◆ ACTIVITY ◆
Lift every line from the entries that includes the word "Photo".

--- GIVEN DATA Enclosed Below ---

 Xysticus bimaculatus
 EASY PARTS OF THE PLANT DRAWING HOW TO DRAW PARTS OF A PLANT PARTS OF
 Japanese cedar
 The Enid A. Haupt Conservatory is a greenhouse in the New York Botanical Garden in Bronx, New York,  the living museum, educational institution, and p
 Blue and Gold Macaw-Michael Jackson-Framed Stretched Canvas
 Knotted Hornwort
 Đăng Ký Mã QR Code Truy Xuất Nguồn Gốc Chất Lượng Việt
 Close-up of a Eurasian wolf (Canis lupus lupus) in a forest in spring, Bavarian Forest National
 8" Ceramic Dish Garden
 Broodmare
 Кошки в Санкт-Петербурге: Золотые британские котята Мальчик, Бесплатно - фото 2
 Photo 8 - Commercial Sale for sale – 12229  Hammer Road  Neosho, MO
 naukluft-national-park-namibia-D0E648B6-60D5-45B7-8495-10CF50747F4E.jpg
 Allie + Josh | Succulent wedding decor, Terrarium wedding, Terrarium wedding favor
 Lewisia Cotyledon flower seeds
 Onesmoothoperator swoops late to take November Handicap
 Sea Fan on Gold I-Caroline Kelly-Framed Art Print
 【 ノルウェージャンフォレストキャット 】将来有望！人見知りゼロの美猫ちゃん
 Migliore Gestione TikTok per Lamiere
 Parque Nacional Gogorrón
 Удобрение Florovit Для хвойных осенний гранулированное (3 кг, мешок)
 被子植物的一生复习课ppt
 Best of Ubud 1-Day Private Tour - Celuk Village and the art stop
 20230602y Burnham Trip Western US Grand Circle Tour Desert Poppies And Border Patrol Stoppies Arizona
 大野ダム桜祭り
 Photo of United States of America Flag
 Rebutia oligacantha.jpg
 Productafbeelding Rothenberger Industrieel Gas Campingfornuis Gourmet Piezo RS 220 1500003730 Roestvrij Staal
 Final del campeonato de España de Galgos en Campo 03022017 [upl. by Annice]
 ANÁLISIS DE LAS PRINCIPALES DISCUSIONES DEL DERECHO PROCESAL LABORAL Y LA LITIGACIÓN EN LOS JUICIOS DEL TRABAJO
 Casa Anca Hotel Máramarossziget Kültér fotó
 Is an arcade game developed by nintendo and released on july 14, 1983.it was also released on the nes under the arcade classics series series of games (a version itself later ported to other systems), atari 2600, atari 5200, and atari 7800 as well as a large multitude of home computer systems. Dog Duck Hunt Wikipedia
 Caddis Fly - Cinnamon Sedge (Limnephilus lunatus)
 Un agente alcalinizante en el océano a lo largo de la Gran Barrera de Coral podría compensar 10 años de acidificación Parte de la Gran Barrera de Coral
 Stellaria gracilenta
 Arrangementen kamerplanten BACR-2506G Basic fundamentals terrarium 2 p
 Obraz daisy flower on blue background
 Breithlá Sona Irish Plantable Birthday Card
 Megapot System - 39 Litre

--- End of Enclosed GIVEN DATA ---

◆ EXERCISE RESPONSE ◆
 Photo 8 - Commercial Sale for sale – 12229  Hammer Road  Neosho, MO
 Photo of United States of America Flag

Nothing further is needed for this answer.